Just get a good headphone amp and you won't care about these arguments anymore
post #62 of 215
Quote:
Originally Posted by pp312 View Post
There are some interesting points here. As you doubt the manufacturer's emails, I doubt that the NAD C320BEE uses op-amps. I don't contradict, I just doubt, and would like confirmation from elsewhere.
I checked again, and I was wrong.

The NAD 317 definitely use opamps, but the C320BEE uses the main amp with resistors. I feel like a heel. I was just glancing at it earlier and there is an opamp shown in the schematic right near where the headphone output is, but when I went back and looked closer, it is part of the protection circuit, not the headphone.

I can say that most of my experience is with older designs. Stuff from the 80s and 90s mostly. Most of them used opamp circuits. Some were good, some were not. I know this, because I targeted them for upgrades almost every time.

Perhaps this trend of using resistor networks is fairly new and is a sign of cheapening products.

Ok, I've buried myself deep enough. I'm out of this conversation now.

BTW, the distortion I was hearing with my Senns when hooked to the Denon was mostly during highly dynamic scenes. Gunshots, loud bass hits, etc. To me, it was a clear sign that the circuit was running out of steam.
post #63 of 215
Quote:
Ok, I've buried myself deep enough. I'm out of this conversation now.
Don't worry about it. There seems to be a ton of misinformation on this subject going around. I've done a bit of digging today and I've had some correspondence with a couple of good manufacturers and some non-affiliated technical people. I think either method can probably deliver really good results, but it seems that most headphone sections are the speaker amps stepped down through resistors, but the very best, in the most expensive equipment are separate circuits from the main speaker amps, built around op amps. At least that's what I'm getting so far. Of course this is exactly the opposite of what we have all believed here, where the conventional wisdom said that op amps were the cheap route and resistors went away with the golden age of SS in the 70s. I intend to keep digging. Op amps or resistors, I don't care. But if I can get a good headphone amp and upgrade my speaker rig with the same money and desk space, that sounds smart to me. I intend to find out. And I intend to find expertise and confirmation elsewhere.

Tim
post #64 of 215
My audiolab integrated amps sound quality character on the headphone is the same character the amp imposes on the speakers which sort of say they are just using resistors right? Anyway, My hd600s are awesome from my audiolab 8000a's headphone jack. No veil. The time I had a meier headfive, I did a comparison with the ad2000s and the audiolab was less dry and analytical yet more accurate and punchy. Bottom line is it might be pointless to get a budget headphone amp if one has a decent integrated amp. You would have to spend much more to get better than my audiolab I think.

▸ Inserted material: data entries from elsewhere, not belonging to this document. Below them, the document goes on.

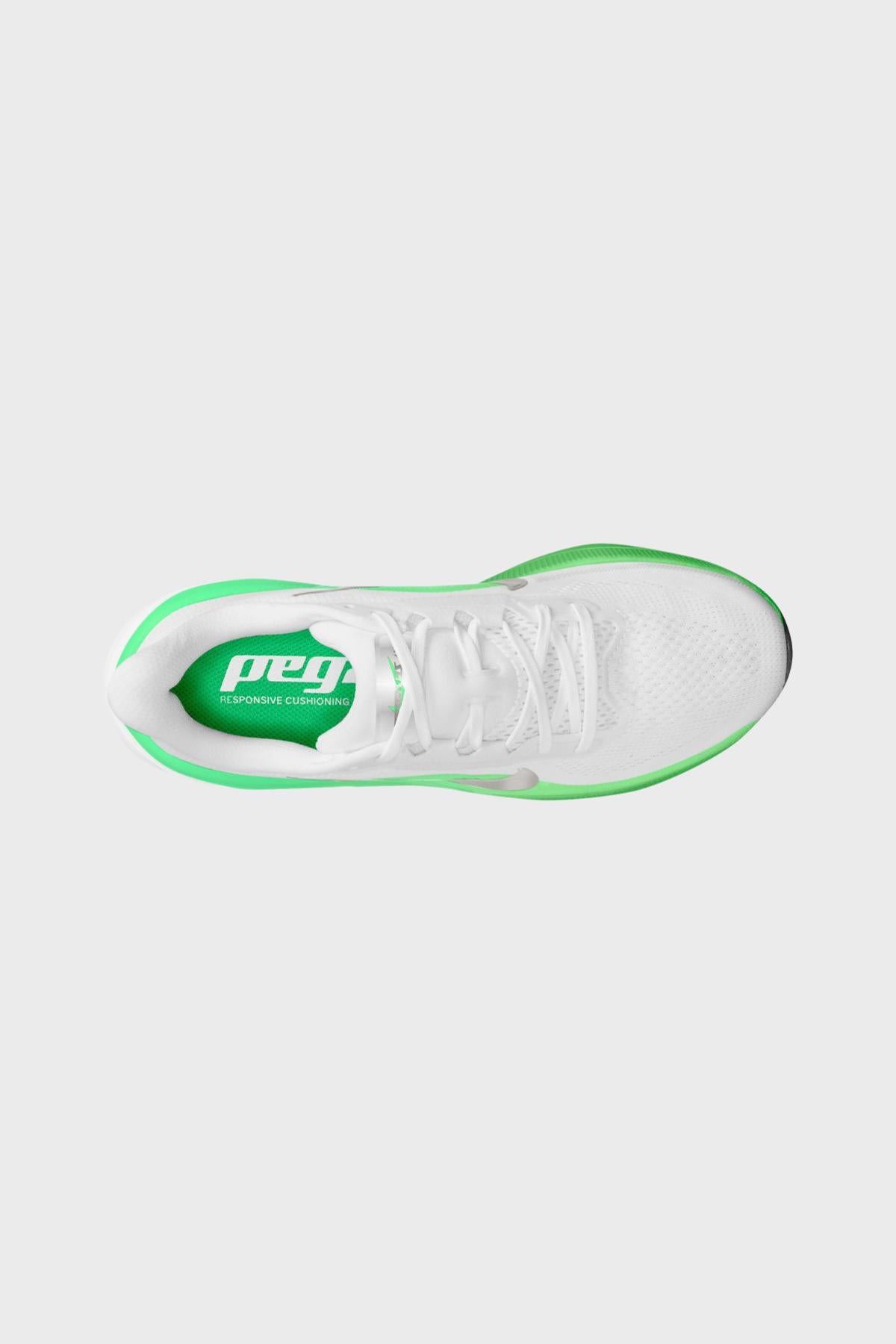 Pegasus 42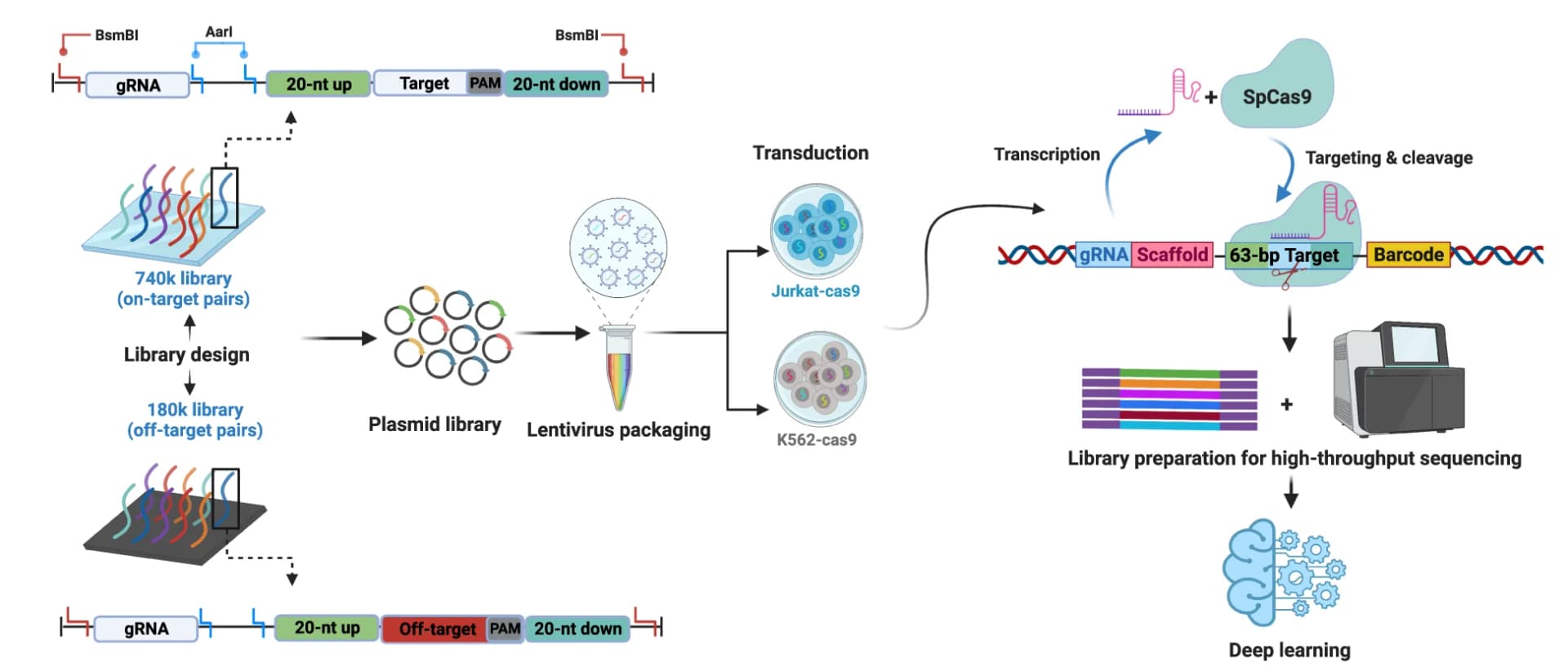 Open access visualization of Workflow, Flowchart, Illustration, gRNA-target library, gRNA-off-target library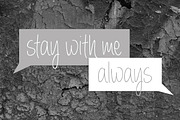 Always Forever, a Script Font by Brittney Murphy Design (Thumbnail 3 of 3)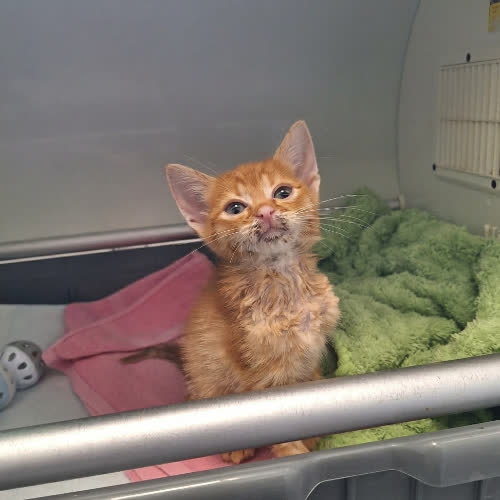 Koty ze schroniska do adopcji Popo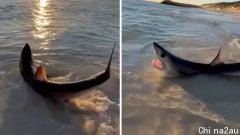 澳大利亚一条搁浅的鲨鱼在海边挣扎，游客合力将其推回大海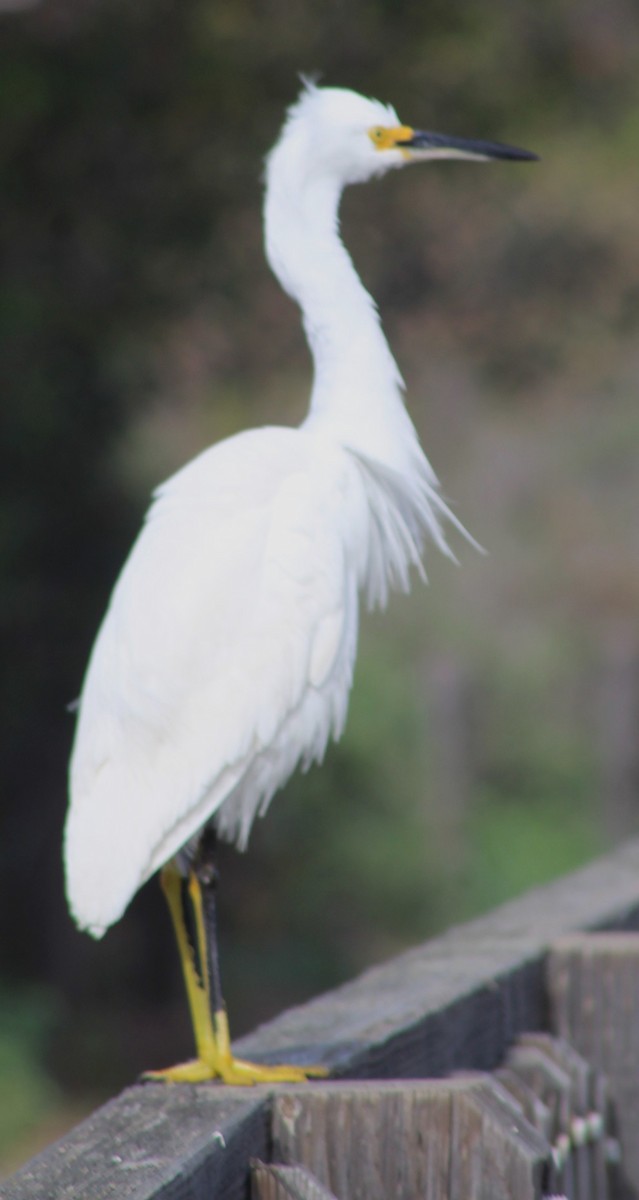 Garceta Nívea - ML647028553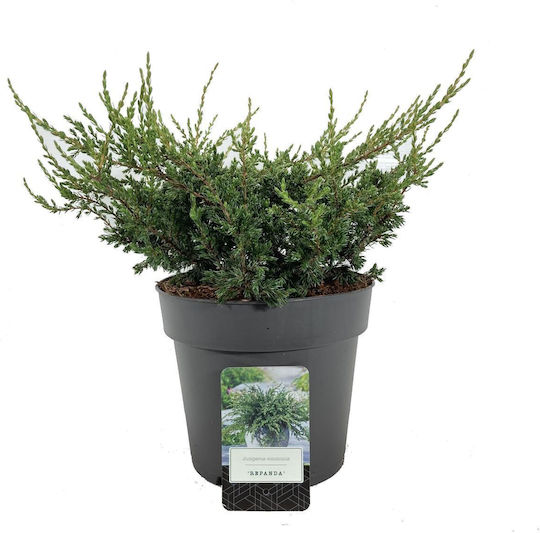 Juniperus Communis Repanda Juniper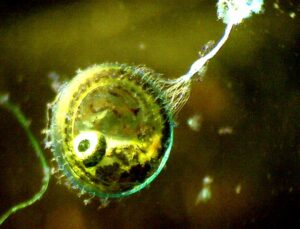 FEB 3 : Club Meeting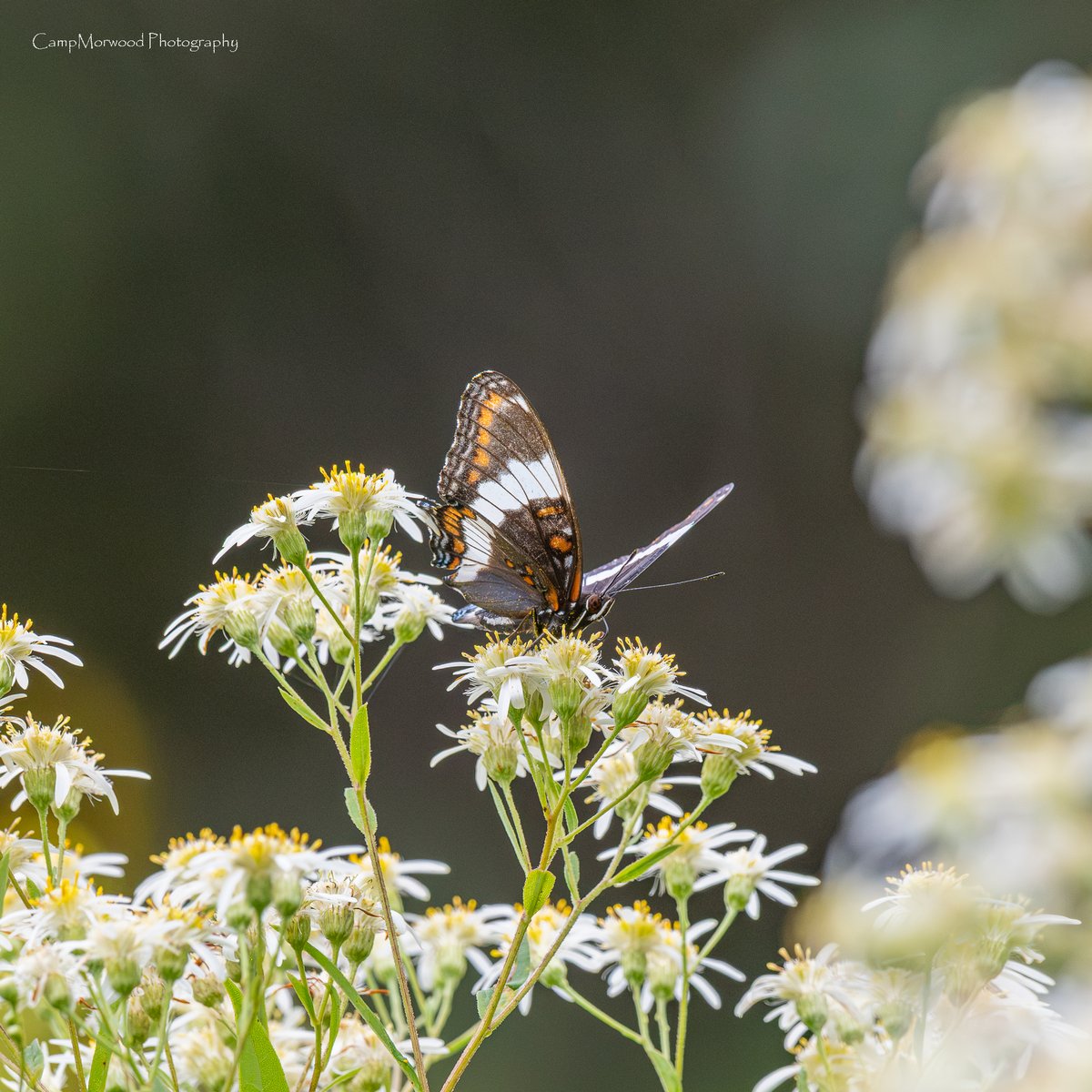 Campmorwood's tweet photo. This is a White Admiral Butterfly, should I have saluted? 😅 🦋❤️ 
#WhiteAdmiral #LimenitisArthemis #ButterflyPhotography #ButterfliesOfInstagram #Butterfly #Butterflies #MacroPhotography #WildlifePhotography #NaturePhotography  #NatureLovers #Wildlife #ExploreNature https://t.co/BQzQGIuODU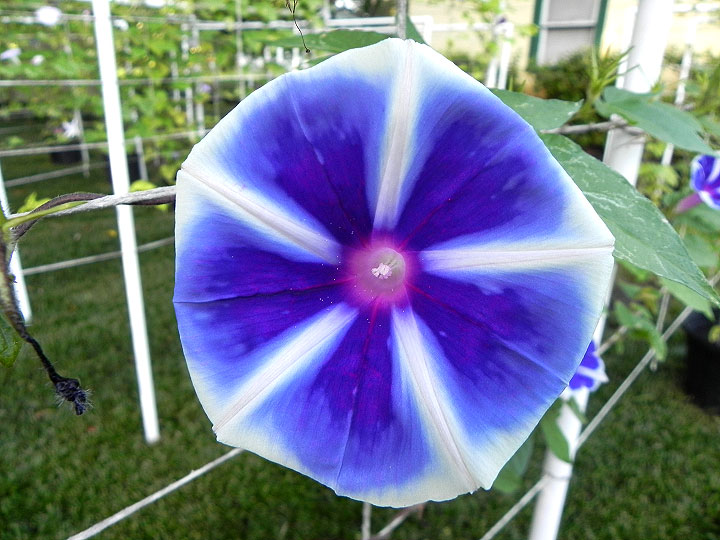 DSCN7411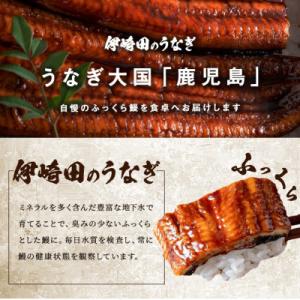 ふるさと納税 志布志市 【数量限定】鹿児島県産...の詳細画像1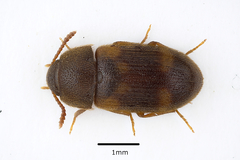 Mycetophagus quadriguttatus
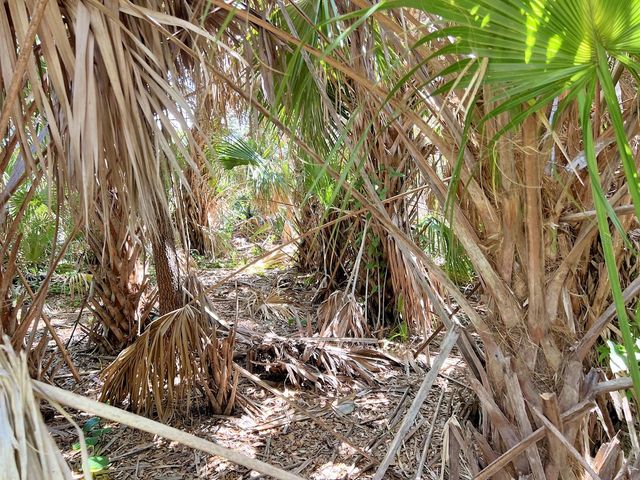 MAC CAUGHEY DRIVE, North Port, FL 34287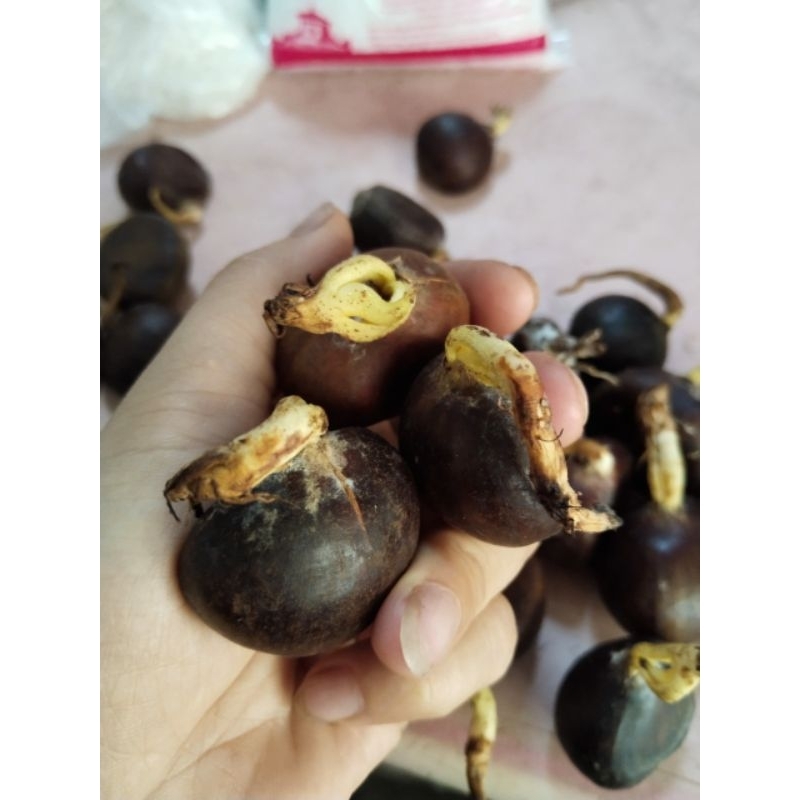 🌰HẠT DẺ GIỐNG - HẠT DẺ TRÙNG KHÁNH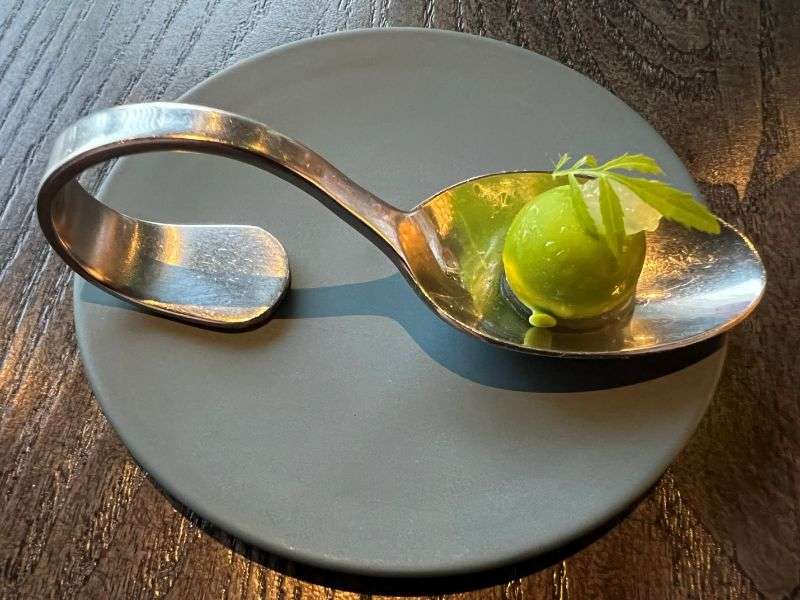 Palate cleanser - a sphere of cucumber sorbet Palate cleanser - a sphere of cucumber sorbet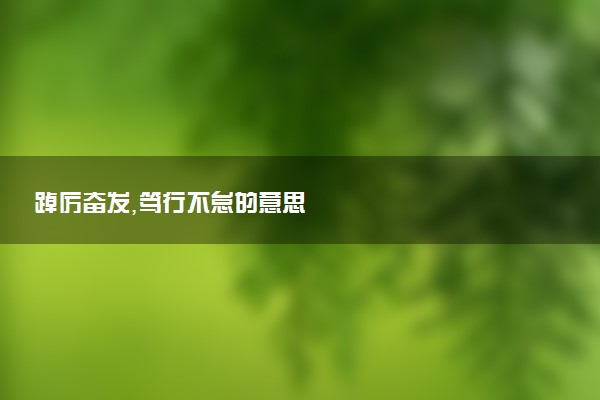 踔厉奋发,笃行不怠的意思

Anyway, I'll compare the next amp I get with my integrated using the hd600 to see what the fuss is all about with more expensive headphone amps
post #65 of 215
Quote:
Originally Posted by pp312 View Post
Incidentally, I'm not sure what you mean when you say your Senns sounded distorted plugged into a Denon receiver. Distorted? Surely you'll only get distortion when there's a fault.
I have some very hard to drive headphones. If I plug them into a wimpy headphone jack, they clip so bad that the music is unrecognizable. There's no fault, other than the amp not having enough guts to drive difficult headphones.
post #66 of 215
what headphones are these?
post #67 of 215
It's happened 4 times for me.

Pioneer SE-700 is a piezo electric headphone. It requires a lot of juice. When I got it, I was at work and only had a portable amp available. I plugged it in and thought I had bought a blown headphone it sounded so bad. Literally none of the music was recognizable. The amp is a XM4 run with a wall wart, not a battery.

The next one was a Yamaha YH-3 ortho, plugged into the same amp with almost as bad a result. The music was vaguely recognizable.

The third, was not really fair to the amp. I bought an Audio Technica AT-706 electret that both the headphone and adapter were converted to TRS. For grins, I plugged it into portable amp, and what little could be heard sounded bad.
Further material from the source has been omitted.